Reddit: why aren't people using D?

Walter Bright newshound1 at digitalmars.com
Thu Jul 23 02:01:43 PDT 2009


Rainer Deyke wrote:
> I want to throw these words back at you, because my first impression of
> D was "the bastard child of C++ and Java, with a random assortment of
> new features thrown in without rhyme or reason".  D is many things, but
> a simple and elegant language it is not.  (This is not a major problem
> to me, really.  I can live with messy languages.  I can live with C++.
> But to think that D is a massive improvement in this area requires a
> special sort of perspective.)

One measure of messy language semantics is the messiness of the compiler 
code needed to deal with it. D is a pretty clean language in comparison. <g>

Another way is measuring the change in source code size. I get about a 
30% reduction when translating C++ code more or less directly to D.

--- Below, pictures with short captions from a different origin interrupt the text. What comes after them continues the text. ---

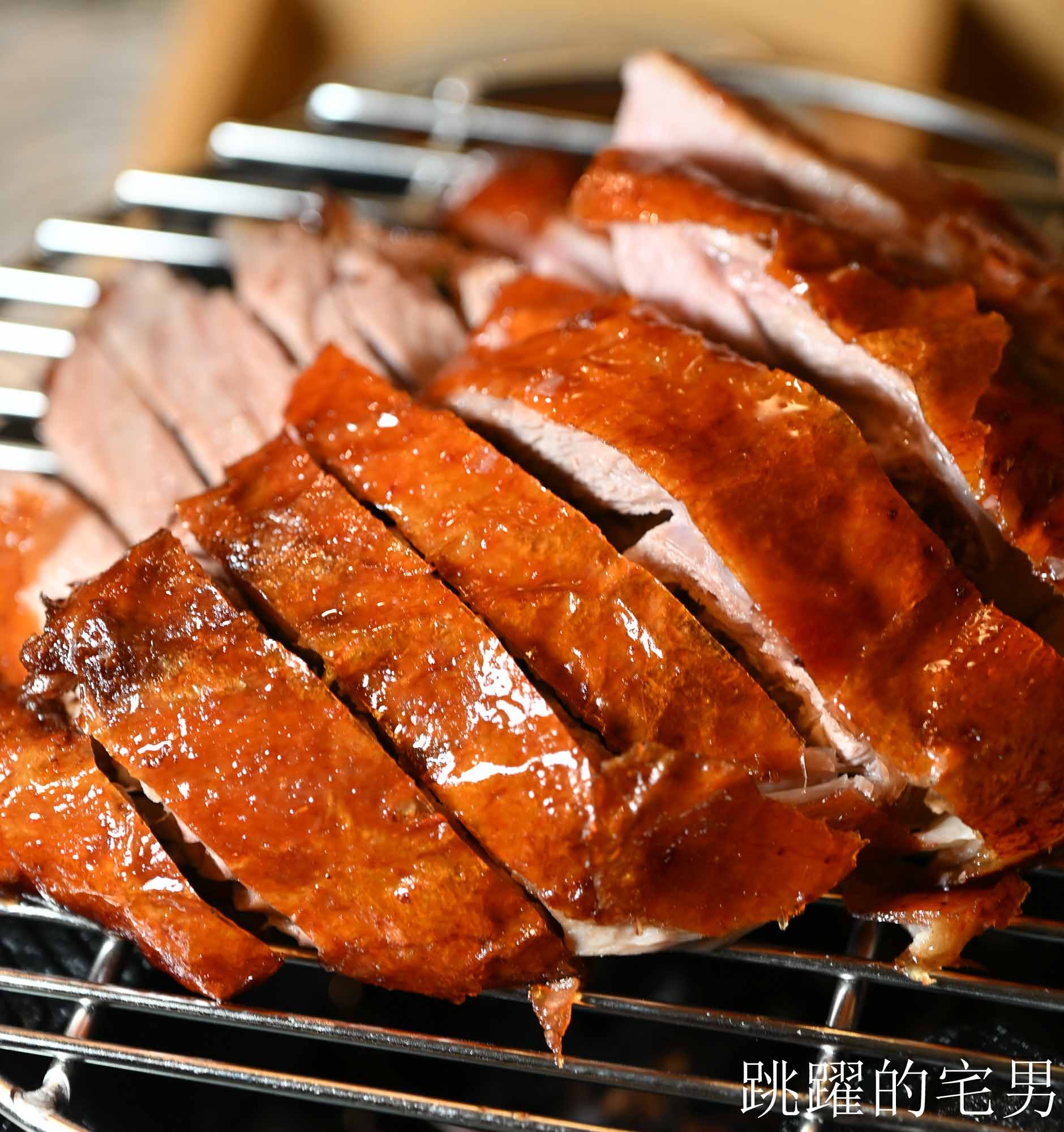 [民生社區美食]華國私廚廖家宴&The Bar-龍眼木油淋鵝皮超脆很驚豔、快要消失反沙芋頭甜點，台北私廚推薦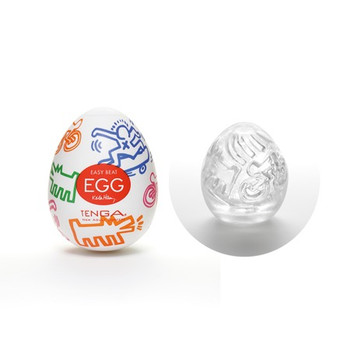 Tenga Keith Haring Egg - Street Tenga Keith Haring Egg - Street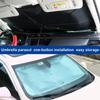 Car Front Shading Car Windshield Sunshade Umbrella For Mazda CX-5 CX-8 CX-9 CX-30 Axela BT-50 Biante Demio MPS MX-5 Skyactiv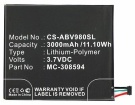 Amazon MC-308594, CS-ABV980SL 3.7V 3000mAh replacement batteries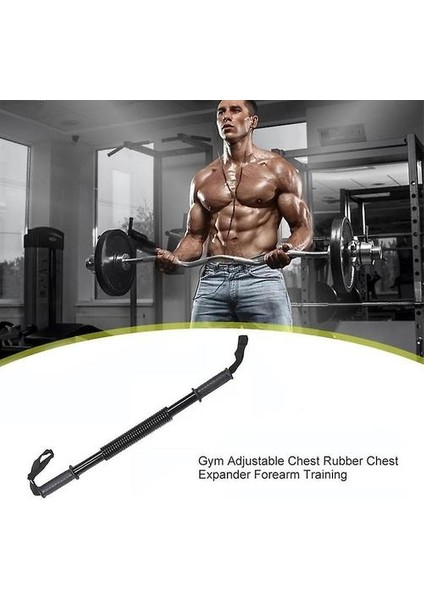 Unisex Kol Göğüs Mukavemeti Antrenmanı Bahar Güç Twister Çubuk Egzersiz Fitness Kas Bina Gücü 20KG Güç (Yurt Dışından) fırsatları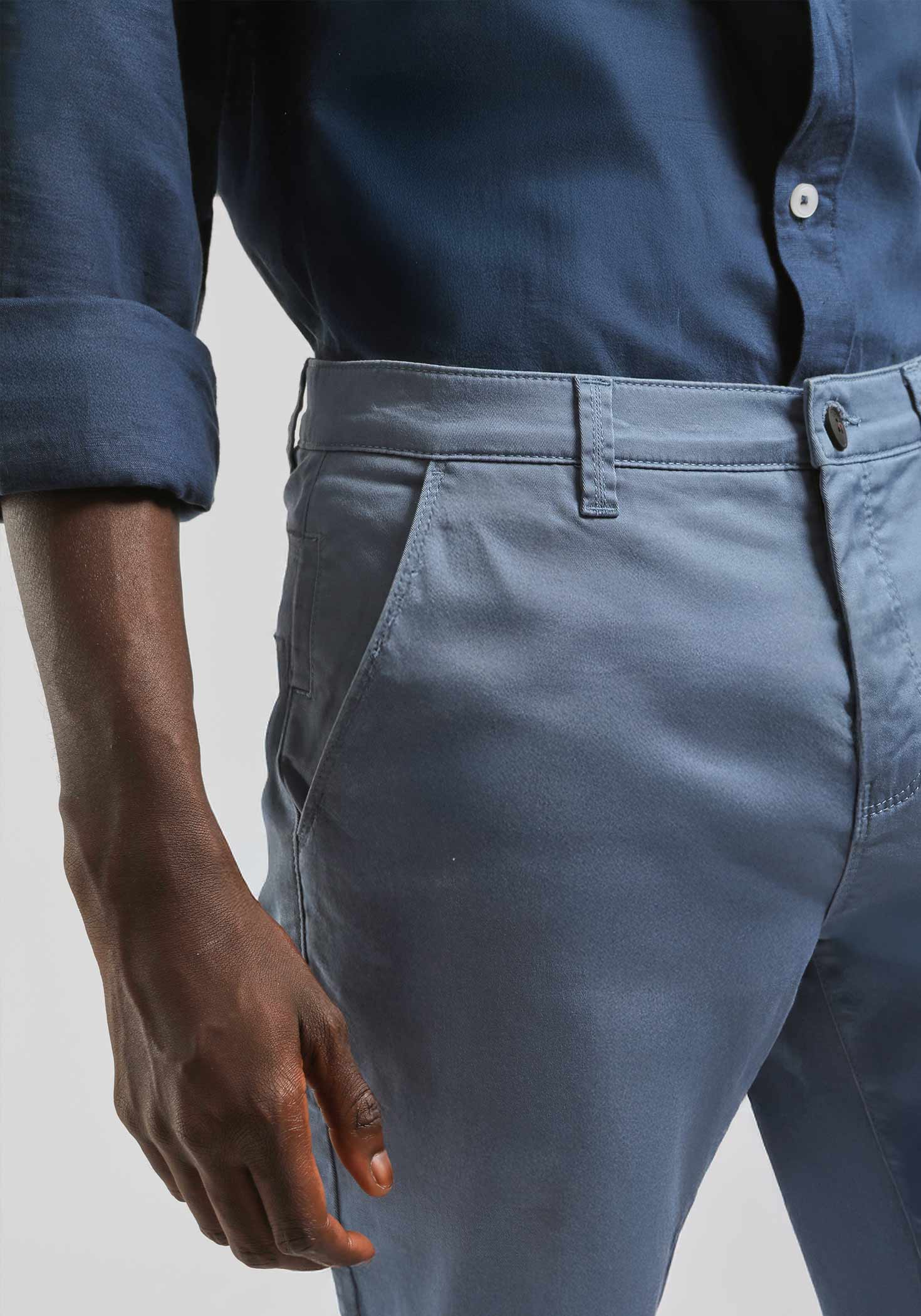 Pantaloni chino in cotone - Image 3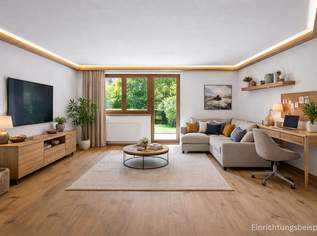 Freizeitwohnsitz: Sonnige Wohnung mit großzügiger Südwest Terrasse, 995000 €, Immobilien-Wohnungen in 6365 Gemeinde Kirchberg in Tirol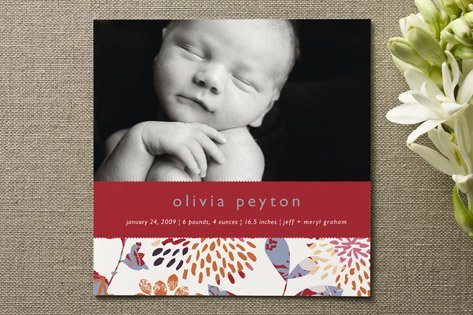 Genevieve Birth Announcements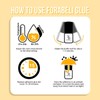 FORABELI PURE SENSITIVE Eyelash Extension Glue - No Fume Adhesive/Lash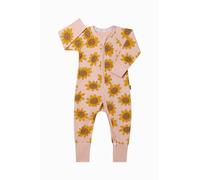 Bonds Baby Zippy - Cotton Blend Zip Wondersuit Sleepy Sunflowers (12-18 Months)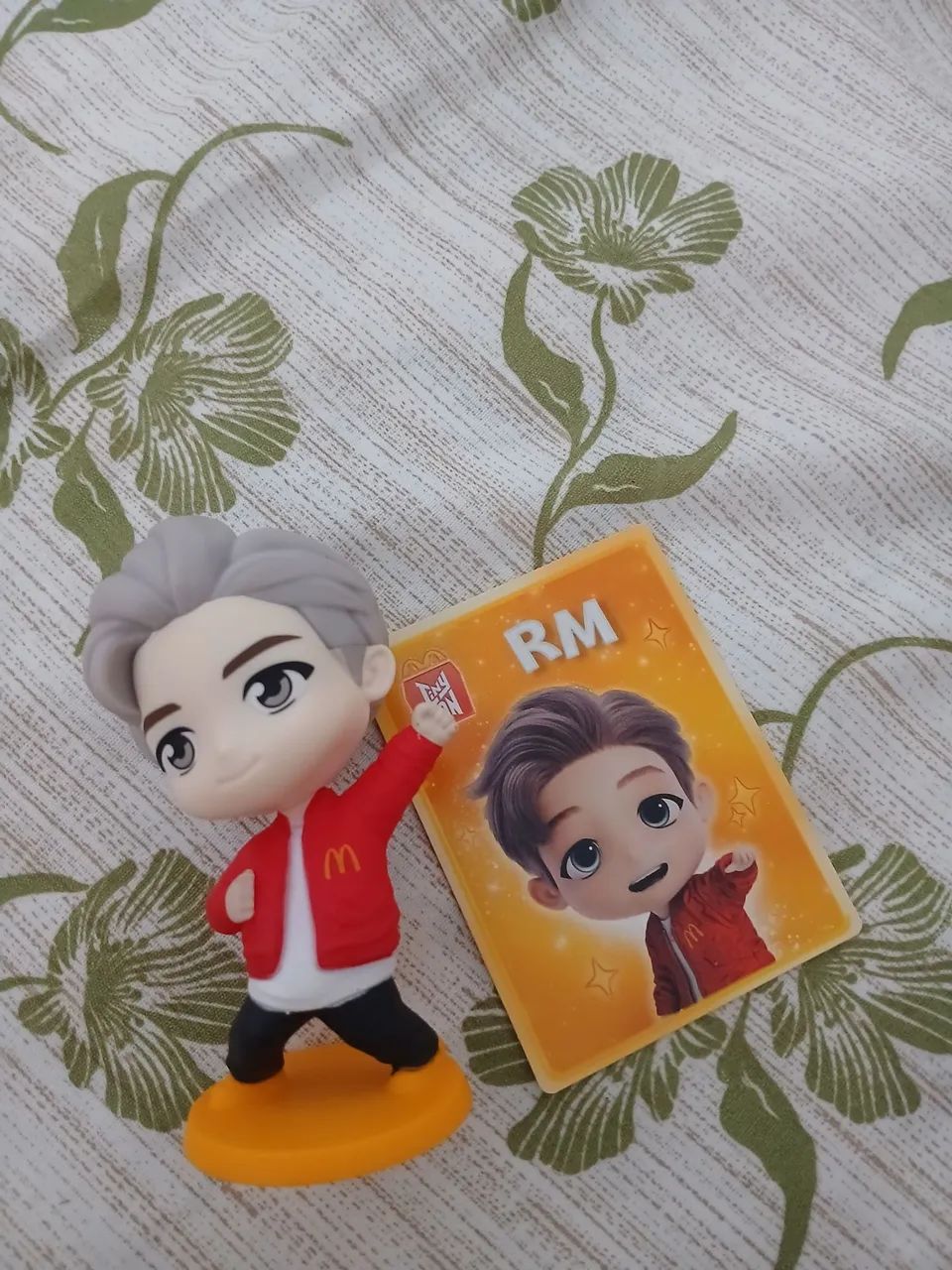 Boneco RM do BTS - TINY TAN - MCLanche feliz - Foto 3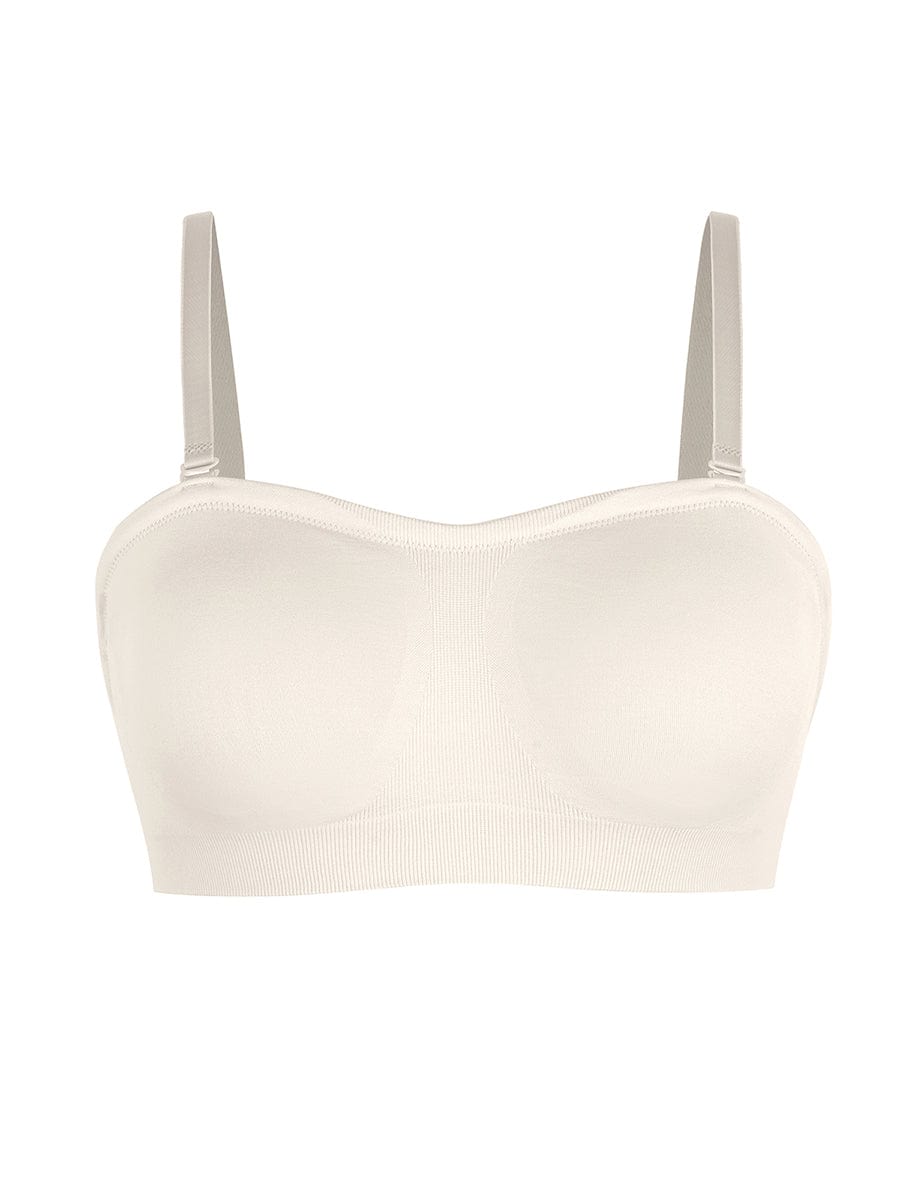 Anti-Slip Strapless Support Wireless Bra - Auxieswear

Yes, I think it is a massive improvement over C++ in simplicity and 
elegance. But if you try to write C++ code in D, you won't see as much 
of that as you would after being more used to the D way of doing things. 
For example, my early C code looked an awful lot like Fortran! It took a 
while before I used the language in a style that was natural for C. My 
first years of C++ code also looked a lot like just plain old C (in 
fact, it arguably still does).


> The reason I have stuck with C++ despite its (massive, obvious) flaws is
> that it has a couple of really nice and useful features that very few
> other languages have even attempted to match.  D is the only language I
> know that even tries, although it still falls short in many areas.

Fair enough. What are those two features?